### PROMPT
The response should be an exact transcription of the data below, free of images.

### DATASET EXTRACT
[Start of section]

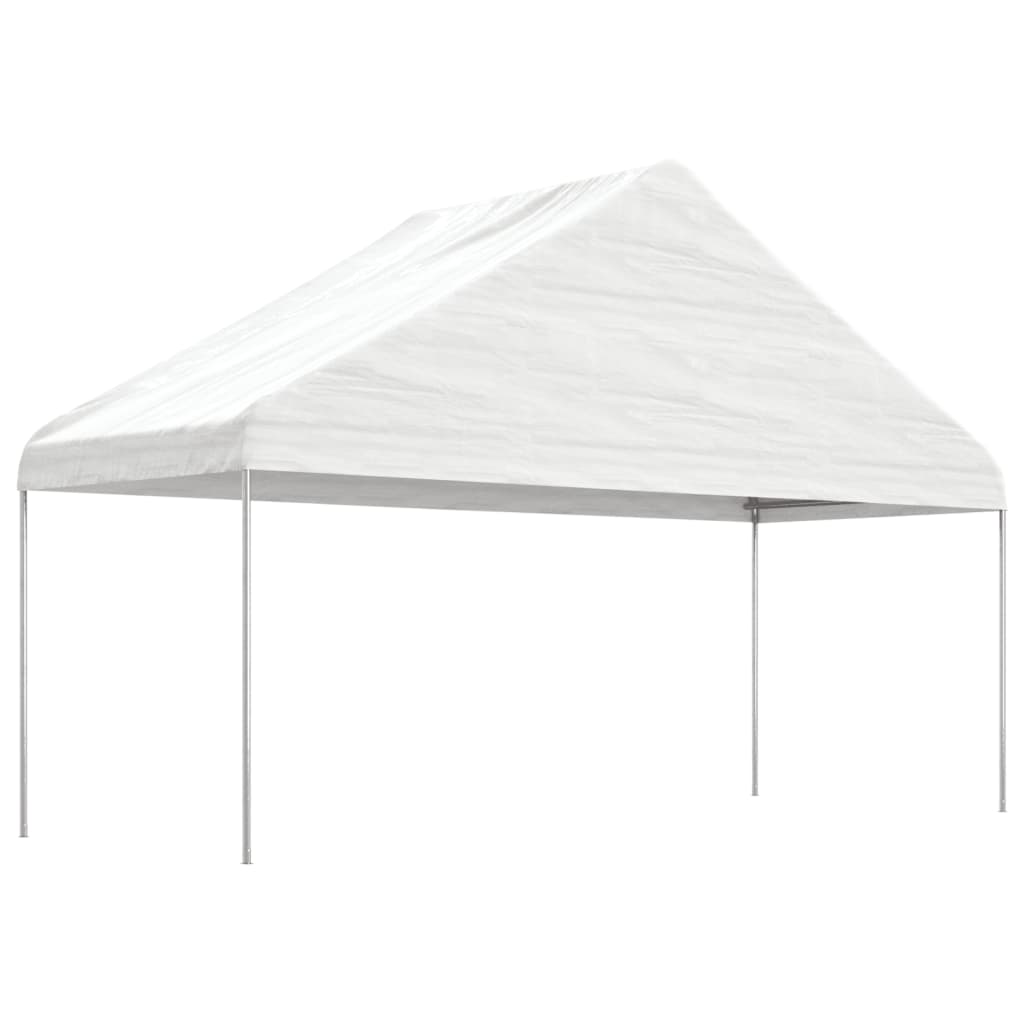 Pavillon mit Dach Weiß 6,69x5,88x3,75 m Polyethylen
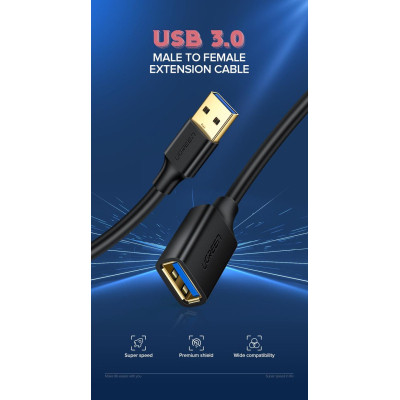 Дата кабель USB 3.0 AM/AF 2.0m US129 Black Ugreen (10373) Вінниця - фото 4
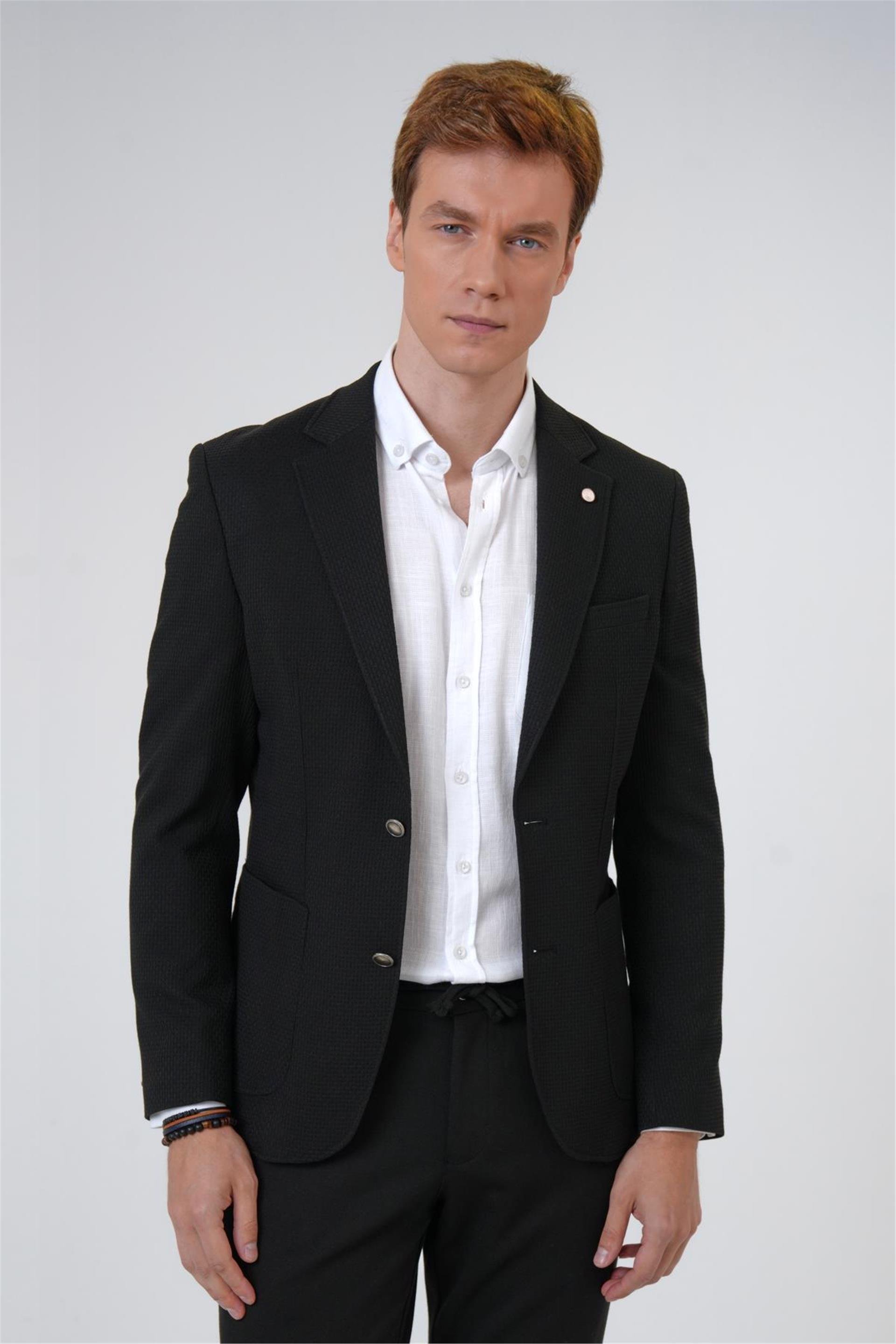 Siyah Slim Desenli Mono Yaka 6 Drop Ceket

[End of section]

### ANSWER AREA
 Pavillon mit Dach Weiß 6,69x5,88x3,75 m Polyethylen
 Дата кабель USB 3.0 AM/AF 2.0m US129 Black Ugreen (10373) Вінниця - фото 4
 Siyah Slim Desenli Mono Yaka 6 Drop Ceket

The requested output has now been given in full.